ATHENS (Reuters) – Greece formally requested a six-month extension to its euro zone loan agreement on Thursday as it races to avoid running out of cash within weeks and overcome resistance from sceptical partners led by Germany.
With its EU/IMF bailout programme due to expire in little more than a week, the government of leftist Prime Minister Alexis Tsipras urgently needs to secure a financial lifeline to keep the country afloat beyond late March.
Specifically, Athens asked for an extension to its so-called “Master Financial Assistance Facility Agreement” with the euro zone, the official told Reuters. However, Greece is proposing that the terms are different from its current bailout obligations, the official said.
Jeroen Dijsselbloem, chairman of the Eurogroup of finance ministers of the currency area, confirmed the news, tweeting: “Received Greek request for six-month extension.” He gave no further details.
The request boosted hopes for a last minute compromise to avert a Greek bankruptcy and exit from the euro zone however it was not clear if the proposal would be acceptable to euro zone partners who insist Athens comply with all bailout terms.
Senior euro zone officials were due to hold a teleconference later on Thursday to discuss the Greek application. If they are satisfied, then Eurogroup finance ministers will hold a conference call on Friday to conclude an agreement, euro zone sources said.
The wording chosen could help satisfy at least some of the concerns that have held up agreement over the past two weeks, allowing Athens to avoid saying it is extending the current programme that it opposes while creditors can avoid accepting a “loan agreement” without strings attached.
However, crucial details remain to be clarified on fiscal targets, labour market reforms, privatisations and other measures due to be implemented under the existing programme.
Government spokesman Gabriel Sakellaridis dismissed a German newspaper report that Athens was under pressure to impose capital controls, telling Reuters that such a scenario “had no bearing on reality”.
An ECB spokeswoman also denied the Frankfurter Allgemeine Zeitung report, saying there had been no discussion of capital controls at a meeting of the central bank’s governing council on Wednesday, which slightly raised the limit on emergency lending to Greek banks.

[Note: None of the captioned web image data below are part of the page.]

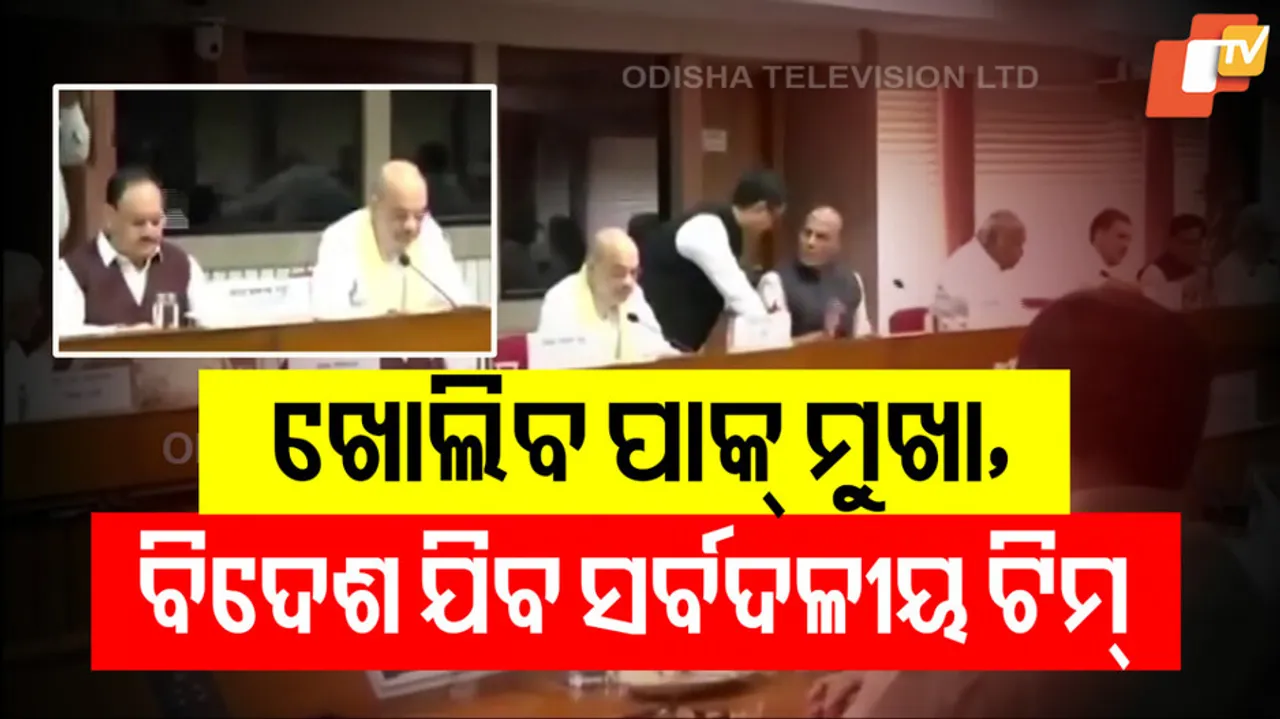 All-Party Delegations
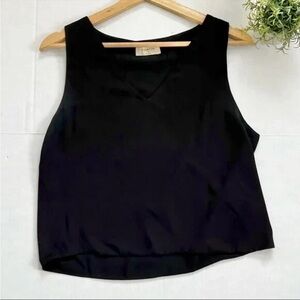 Aritzia Babaton Sleeveless V-neck Tank in Black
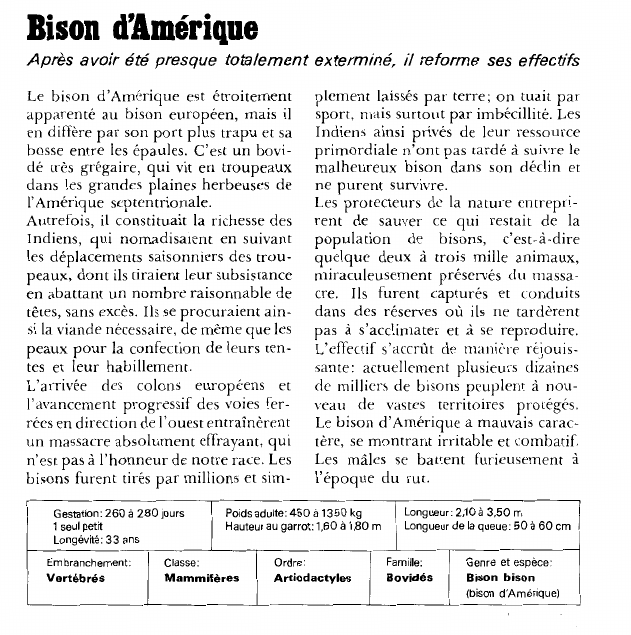 Prévisualisation du document Bison d'Amérique:Après avoir été presque totalement exterminé, il reforme ses effectifs.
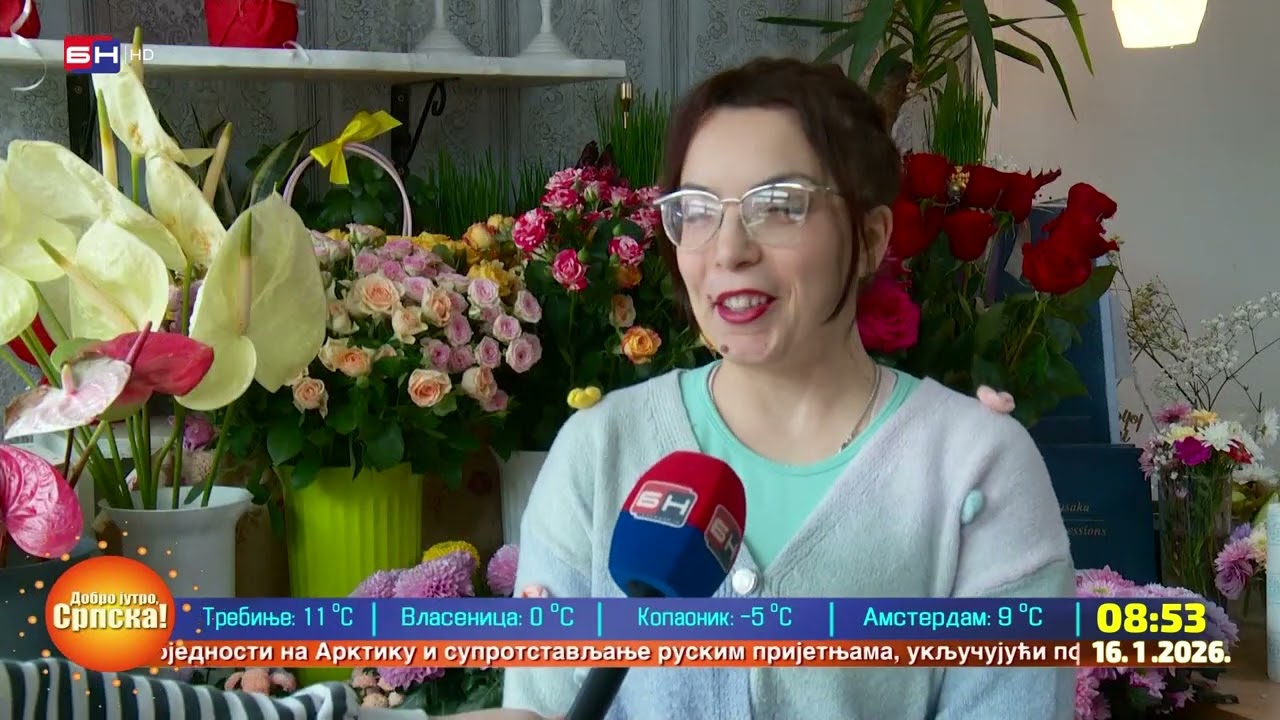 Mimoze - cvijeće koje bez ikakvih problema cvjeta u januaru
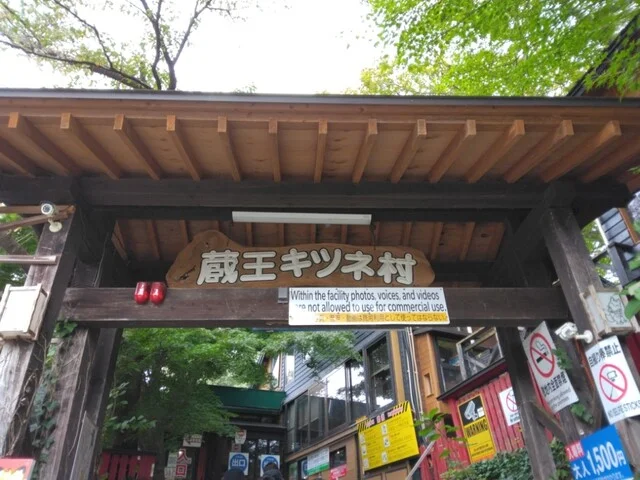 宮城蔵王 きつね村（MIYAGIZAO きつね村） - 白石（その他）の写真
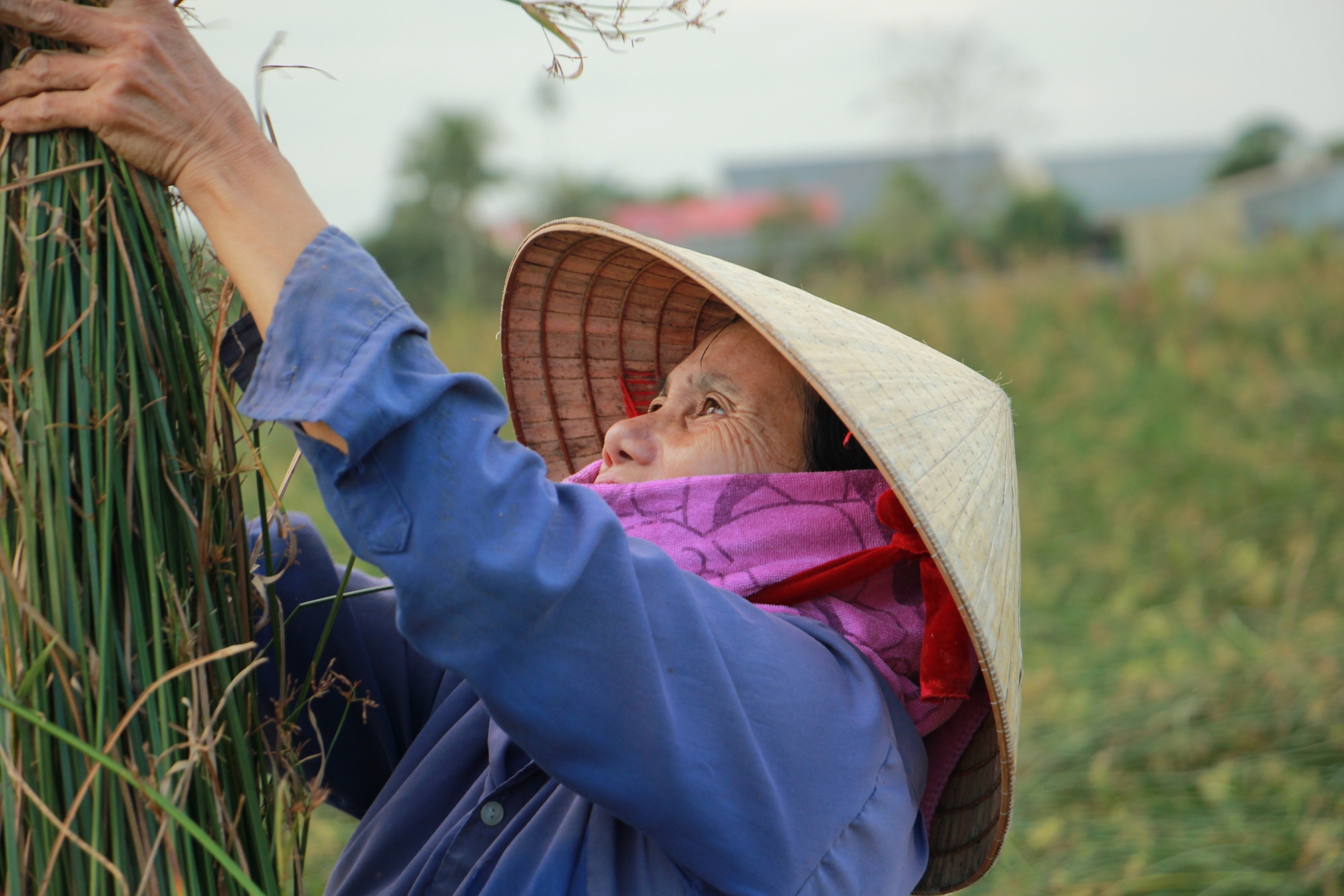 Để phân loại cói, người dân chỉ cần túm phần ngọn, kéo thẳng đứng lên, những cây ngắn hơn sẽ tự tách ra khỏi bó.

Greek stocks rose on Thursday’s developments, with the benchmark Athens stock index up two per cent while banks gained 4.8 per cent.
“We are doing everything to reach a mutually beneficial agreement. Our aim is to conclude this agreement soon,” Sakellaridis told Skai TV earlier on Thursday. “We are trying to find common points.”
EU paymaster Germany and fellow euro zone governments have so far insisted no loan deal without the full bailout conditions is on the table. Tsipras promised to ditch austerity measures imposed by the lenders when he was elected last month.
German Finance Minister Wolfgang Schaeuble has poured scorn on suggestions that Athens could negotiate an extension of euro zone funding without making any promises to push on with budget cuts and economic reforms.
But on Wednesday he indicated there may be some possibility of a compromise. “Our room for manoeuvre is limited,” he said during a debate in Berlin, adding, “We must keep in mind that we have a huge responsibility to keep Europe stable.”
Greek Finance Minister Yanis Varoufakis expressed confidence on Wednesday that euro zone finance ministers would approve the Athens government’s proposal on Friday.
“The application will be written in such a way so that it will satisfy both the Greek side and the president of the Eurogroup,” he said.
Greece’s finances are in peril. It is burning through its cash reserves and could run out of money by the end of March without fresh funds, a person familiar with the figures said.
Likewise its banks are dependent on emergency funding controlled by the European Central Bank in order to pay out depositors who have been withdrawing their cash.
The ECB agreed on Wednesday to raise a cap on funding available under its Emergency Liquidity Assistance scheme to 68.3 billion euros (US$78 billion), a person familiar with the ECB talks said.
That was a rise of just 3.3 billion euros, less than Greece had requested. The modest increase raises the pressure for a compromise at the Eurogroup.